Clemson was the runaway favorite to win the Atlantic Division and the conference title -- a status usually afforded Florida State. The Seminoles have been picked to win the Atlantic all but one season (2008) since division play began -- until now.
According to the media, Florida State will be chasing Sammy Watkins and Clemson for the ACC conference and Atlantic Division titles.
It's good to be appreciated, Joyner said, but it's not always easy to wear the target on your chest. He expects that's a lesson Clemson will learn quickly.

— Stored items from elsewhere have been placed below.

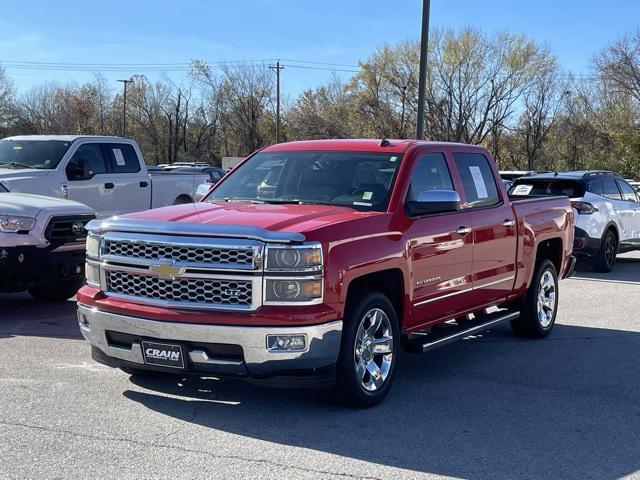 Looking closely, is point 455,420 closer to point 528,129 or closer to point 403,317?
point 403,317

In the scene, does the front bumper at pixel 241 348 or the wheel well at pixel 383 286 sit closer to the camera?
the front bumper at pixel 241 348

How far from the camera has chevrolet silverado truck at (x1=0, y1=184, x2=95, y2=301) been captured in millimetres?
8547

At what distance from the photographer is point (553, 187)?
14117 millimetres

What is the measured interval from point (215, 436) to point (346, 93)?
48488 millimetres

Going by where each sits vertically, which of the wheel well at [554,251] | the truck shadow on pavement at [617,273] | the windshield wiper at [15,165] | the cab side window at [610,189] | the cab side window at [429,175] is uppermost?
the cab side window at [429,175]

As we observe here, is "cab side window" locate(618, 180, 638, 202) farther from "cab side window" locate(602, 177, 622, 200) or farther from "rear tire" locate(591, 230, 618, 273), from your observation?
"rear tire" locate(591, 230, 618, 273)

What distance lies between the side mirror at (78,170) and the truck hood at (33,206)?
9.21ft

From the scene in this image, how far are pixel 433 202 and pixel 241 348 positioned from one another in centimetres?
191

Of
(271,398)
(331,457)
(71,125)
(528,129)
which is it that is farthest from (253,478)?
(71,125)

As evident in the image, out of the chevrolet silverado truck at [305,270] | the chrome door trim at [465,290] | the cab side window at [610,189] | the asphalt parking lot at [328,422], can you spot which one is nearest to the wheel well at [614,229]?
the cab side window at [610,189]

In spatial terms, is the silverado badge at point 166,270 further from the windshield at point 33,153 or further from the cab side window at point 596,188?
the cab side window at point 596,188

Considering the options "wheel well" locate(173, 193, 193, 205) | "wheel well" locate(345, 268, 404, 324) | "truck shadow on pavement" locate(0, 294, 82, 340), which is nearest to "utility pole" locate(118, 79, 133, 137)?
"wheel well" locate(173, 193, 193, 205)

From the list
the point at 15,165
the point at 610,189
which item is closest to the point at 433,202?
the point at 15,165

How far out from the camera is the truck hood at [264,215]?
17.6ft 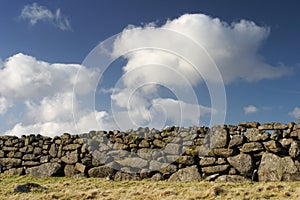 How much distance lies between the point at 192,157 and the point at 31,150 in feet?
29.6

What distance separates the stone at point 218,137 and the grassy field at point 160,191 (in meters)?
2.15

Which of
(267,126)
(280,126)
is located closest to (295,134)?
(280,126)

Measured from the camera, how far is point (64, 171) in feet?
62.1

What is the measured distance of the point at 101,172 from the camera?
18.0 m

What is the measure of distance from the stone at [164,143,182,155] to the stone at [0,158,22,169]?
8.39m

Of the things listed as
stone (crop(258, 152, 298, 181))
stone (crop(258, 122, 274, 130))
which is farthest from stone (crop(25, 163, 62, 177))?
stone (crop(258, 122, 274, 130))

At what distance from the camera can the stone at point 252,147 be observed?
15.8 meters

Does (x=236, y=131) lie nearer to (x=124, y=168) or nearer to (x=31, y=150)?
(x=124, y=168)

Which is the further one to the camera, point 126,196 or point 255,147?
point 255,147

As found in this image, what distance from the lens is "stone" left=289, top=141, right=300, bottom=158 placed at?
15.0 meters

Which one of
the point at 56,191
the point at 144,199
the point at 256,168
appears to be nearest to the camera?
the point at 144,199

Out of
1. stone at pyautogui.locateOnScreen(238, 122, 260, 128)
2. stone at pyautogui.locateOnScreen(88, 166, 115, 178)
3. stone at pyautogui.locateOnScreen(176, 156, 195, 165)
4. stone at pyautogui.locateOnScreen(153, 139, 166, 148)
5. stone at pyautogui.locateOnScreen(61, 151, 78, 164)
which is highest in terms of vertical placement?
stone at pyautogui.locateOnScreen(238, 122, 260, 128)

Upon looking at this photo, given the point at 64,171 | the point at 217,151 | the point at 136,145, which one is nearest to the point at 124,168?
the point at 136,145

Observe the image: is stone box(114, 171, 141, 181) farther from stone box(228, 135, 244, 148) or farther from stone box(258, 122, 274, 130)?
stone box(258, 122, 274, 130) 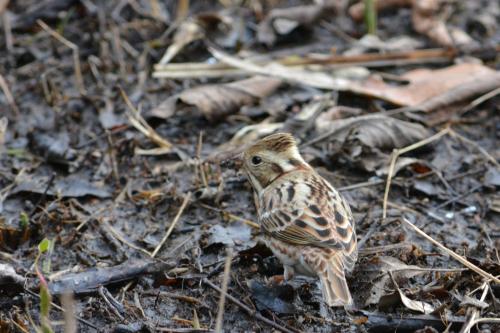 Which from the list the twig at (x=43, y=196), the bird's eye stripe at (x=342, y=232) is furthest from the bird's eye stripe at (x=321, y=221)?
the twig at (x=43, y=196)

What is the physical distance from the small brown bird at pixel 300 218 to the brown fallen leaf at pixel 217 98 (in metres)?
1.78

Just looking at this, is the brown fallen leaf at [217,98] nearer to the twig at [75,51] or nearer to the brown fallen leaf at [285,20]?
the twig at [75,51]

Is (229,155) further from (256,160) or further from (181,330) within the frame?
Answer: (181,330)

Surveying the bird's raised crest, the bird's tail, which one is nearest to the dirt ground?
the bird's tail

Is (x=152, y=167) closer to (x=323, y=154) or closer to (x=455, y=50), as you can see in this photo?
(x=323, y=154)

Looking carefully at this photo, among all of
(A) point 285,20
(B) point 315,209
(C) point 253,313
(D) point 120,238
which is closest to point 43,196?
(D) point 120,238

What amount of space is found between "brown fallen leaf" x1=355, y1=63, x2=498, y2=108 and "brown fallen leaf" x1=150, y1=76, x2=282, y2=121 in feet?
3.74

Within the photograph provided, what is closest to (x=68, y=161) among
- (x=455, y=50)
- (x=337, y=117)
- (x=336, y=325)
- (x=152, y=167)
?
(x=152, y=167)

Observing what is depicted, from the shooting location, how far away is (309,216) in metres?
5.51

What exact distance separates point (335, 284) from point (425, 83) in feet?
13.2

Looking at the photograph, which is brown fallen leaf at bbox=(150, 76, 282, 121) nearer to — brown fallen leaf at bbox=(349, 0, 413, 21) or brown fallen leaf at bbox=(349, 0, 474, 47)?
brown fallen leaf at bbox=(349, 0, 413, 21)

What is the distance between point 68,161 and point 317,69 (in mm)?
3040

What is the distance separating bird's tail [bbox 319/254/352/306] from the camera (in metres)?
4.99

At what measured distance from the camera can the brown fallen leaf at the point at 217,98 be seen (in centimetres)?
788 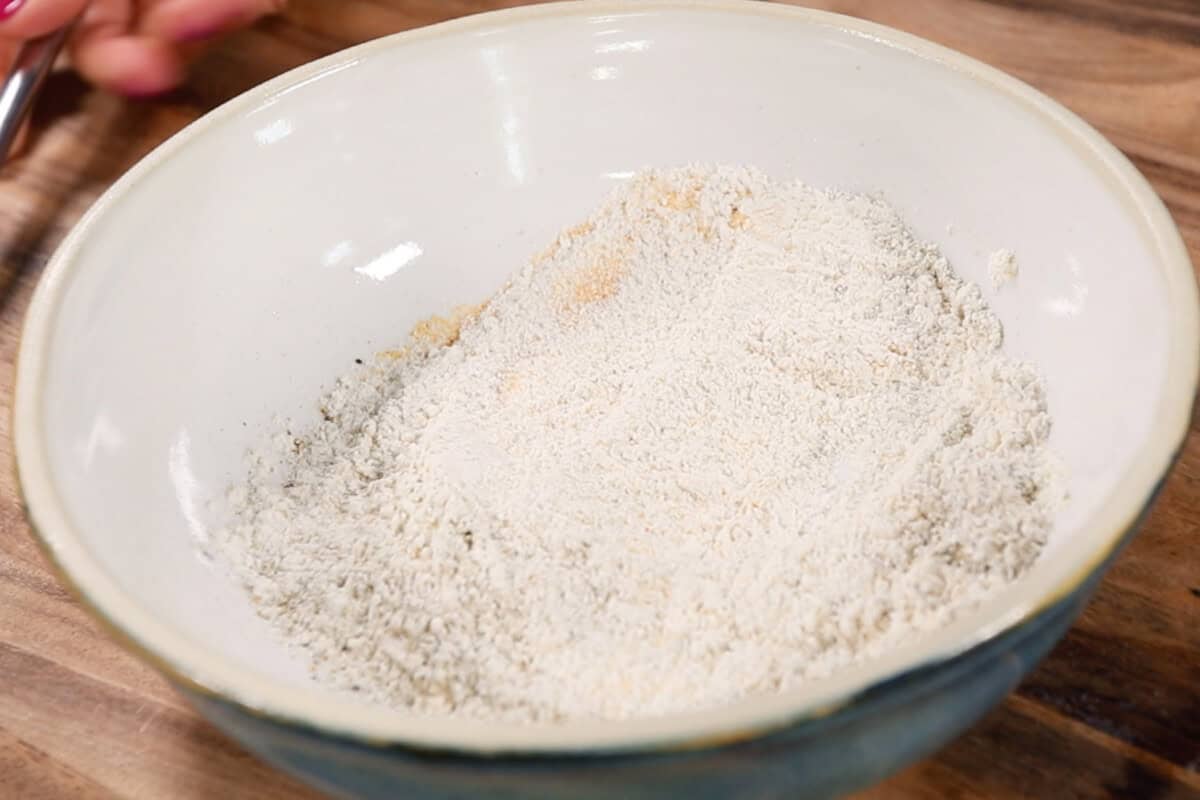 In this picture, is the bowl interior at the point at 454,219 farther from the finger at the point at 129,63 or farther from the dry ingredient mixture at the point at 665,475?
the finger at the point at 129,63

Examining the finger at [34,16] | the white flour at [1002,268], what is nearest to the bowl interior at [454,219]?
the white flour at [1002,268]

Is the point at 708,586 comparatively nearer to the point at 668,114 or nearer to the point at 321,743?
the point at 321,743

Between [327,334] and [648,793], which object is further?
[327,334]

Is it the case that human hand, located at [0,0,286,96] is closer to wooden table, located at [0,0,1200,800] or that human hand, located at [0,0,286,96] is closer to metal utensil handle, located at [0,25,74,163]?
metal utensil handle, located at [0,25,74,163]

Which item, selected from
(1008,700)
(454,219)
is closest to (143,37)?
(454,219)

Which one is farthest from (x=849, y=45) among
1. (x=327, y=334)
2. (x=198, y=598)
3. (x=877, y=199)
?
(x=198, y=598)

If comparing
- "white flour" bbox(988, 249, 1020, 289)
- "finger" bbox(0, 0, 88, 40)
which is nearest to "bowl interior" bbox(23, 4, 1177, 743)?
"white flour" bbox(988, 249, 1020, 289) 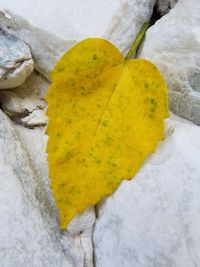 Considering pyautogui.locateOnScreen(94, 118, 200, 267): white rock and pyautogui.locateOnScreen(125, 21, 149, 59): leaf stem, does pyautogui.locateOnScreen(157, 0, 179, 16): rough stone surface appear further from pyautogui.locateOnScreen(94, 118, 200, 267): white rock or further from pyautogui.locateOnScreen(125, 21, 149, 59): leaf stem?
pyautogui.locateOnScreen(94, 118, 200, 267): white rock

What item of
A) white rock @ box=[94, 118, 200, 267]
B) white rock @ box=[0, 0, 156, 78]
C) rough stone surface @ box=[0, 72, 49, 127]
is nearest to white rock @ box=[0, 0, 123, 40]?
white rock @ box=[0, 0, 156, 78]

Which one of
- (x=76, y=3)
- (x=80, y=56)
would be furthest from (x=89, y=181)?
(x=76, y=3)

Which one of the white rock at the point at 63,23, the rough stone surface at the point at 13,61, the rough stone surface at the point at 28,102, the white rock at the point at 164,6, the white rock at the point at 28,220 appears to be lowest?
the white rock at the point at 28,220

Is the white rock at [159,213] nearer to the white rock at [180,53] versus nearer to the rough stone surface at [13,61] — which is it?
the white rock at [180,53]

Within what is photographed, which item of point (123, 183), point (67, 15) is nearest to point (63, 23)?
point (67, 15)

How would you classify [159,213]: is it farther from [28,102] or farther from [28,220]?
[28,102]

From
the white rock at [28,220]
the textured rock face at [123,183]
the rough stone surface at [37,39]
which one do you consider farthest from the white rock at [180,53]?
the white rock at [28,220]

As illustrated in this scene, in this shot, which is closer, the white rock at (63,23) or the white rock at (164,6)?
the white rock at (63,23)

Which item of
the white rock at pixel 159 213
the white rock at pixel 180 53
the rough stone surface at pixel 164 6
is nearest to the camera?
the white rock at pixel 159 213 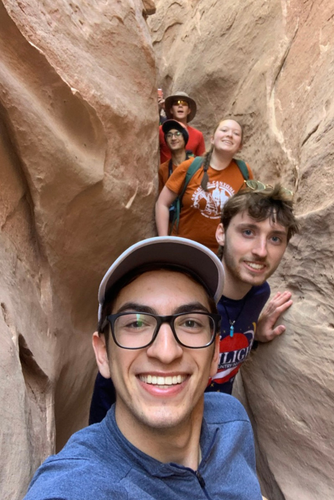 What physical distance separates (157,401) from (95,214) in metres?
1.55

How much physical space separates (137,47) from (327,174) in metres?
1.48

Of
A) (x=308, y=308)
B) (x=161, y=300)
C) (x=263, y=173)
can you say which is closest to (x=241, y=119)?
(x=263, y=173)

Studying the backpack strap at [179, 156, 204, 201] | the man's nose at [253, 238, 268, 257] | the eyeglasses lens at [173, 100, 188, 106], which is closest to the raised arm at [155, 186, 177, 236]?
the backpack strap at [179, 156, 204, 201]

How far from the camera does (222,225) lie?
2.12m

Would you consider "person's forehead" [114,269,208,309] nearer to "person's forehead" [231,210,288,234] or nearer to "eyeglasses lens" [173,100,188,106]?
"person's forehead" [231,210,288,234]

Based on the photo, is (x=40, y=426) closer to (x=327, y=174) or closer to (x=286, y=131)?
(x=327, y=174)

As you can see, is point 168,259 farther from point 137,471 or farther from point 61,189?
point 61,189

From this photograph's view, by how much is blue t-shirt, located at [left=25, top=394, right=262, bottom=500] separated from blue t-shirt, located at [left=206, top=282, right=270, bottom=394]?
660mm

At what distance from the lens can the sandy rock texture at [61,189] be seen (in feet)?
5.37

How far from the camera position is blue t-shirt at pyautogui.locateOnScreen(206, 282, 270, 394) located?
1.96 meters

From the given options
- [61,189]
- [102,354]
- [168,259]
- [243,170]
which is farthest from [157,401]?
[243,170]

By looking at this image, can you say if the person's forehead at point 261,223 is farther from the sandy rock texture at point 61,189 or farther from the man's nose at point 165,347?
the man's nose at point 165,347

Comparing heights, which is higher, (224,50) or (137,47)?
(224,50)

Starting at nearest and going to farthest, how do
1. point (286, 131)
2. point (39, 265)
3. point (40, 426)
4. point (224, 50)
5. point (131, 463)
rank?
point (131, 463) < point (40, 426) < point (39, 265) < point (286, 131) < point (224, 50) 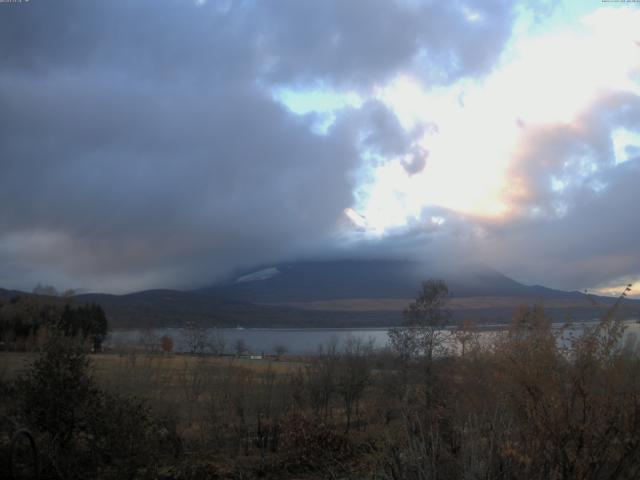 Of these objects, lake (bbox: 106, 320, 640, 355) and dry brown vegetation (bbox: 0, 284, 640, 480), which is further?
lake (bbox: 106, 320, 640, 355)

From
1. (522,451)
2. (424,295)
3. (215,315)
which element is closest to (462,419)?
(522,451)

"Good luck with that," Joyner said. "That's a lot of pressure. When you're the favorite, all you can do is go down. You've got to endure when you're on top like that and have everybody on your side. You have to find a way to find some motivation. The underdog, the ceiling is higher."
Media seemed to feel Clemson's ceiling was pretty high, too, and the rationale was simple.
Clemson returns several big stars, including quarterback Tajh Boyd, who was named the conference's preseason player of the year. Florida State, meanwhile, lost its starting quarterback, along with 12 other starters. That's pointed the spotlight squarely in Clemson's direction -- for better or worse.
"I prefer the underdog role," Boyd said. "I think, as an American, we love the underdogs. That's the nature of the business. I love being the underdog because it gives you that much more motivation, encouragement. But at the same time, when you're on the top, it's going out and performing what you're capable of."
Of course, as much as Florida State appears content to let Clemson enjoy the spotlight, Jimbo Fisher isn't conceding anything.
After happily ratcheting up expectations a year ago, Fisher said his outlook hasn't changed much.
"In your minds," Fisher said when asked if expectations weren't as high. "They are for us."
Fisher points to the significant playing time first-year starters such as Telvin Smith, Timmy Jernigan and James Wilder Jr. got as reserves in past seasons and said the accounting done by pundits often doesn't consider just how much success those players have already tasted.
"This is still a talented football team," Fisher said. "We have the least amount of starters back in the ACC, but we have more junior and senior starters than we had a year ago. We have a lot of guys who played significant snaps. They still played a lot of plays in big games. Even though they're not considered returning starters, they're very talented and will have a huge impact on our team."
Of course, all the preseason bluster will start to fade once the games begin, and Clemson and Florida State will settle any debate when they face off in Death Valley on Oct. 19. It's a date Boyd said he already has circled on his calendar.
"I think regardless of the situation, especially on this side of the conference, it comes down to Florida State and Clemson," he said. "It's always an intriguing game. But those guys get a chance to come to us. I talked to Lamarcus and Terrence [Brooks] over there. They're excited about it. When you have a chance to play opponents like that, it makes the game that much sweeter."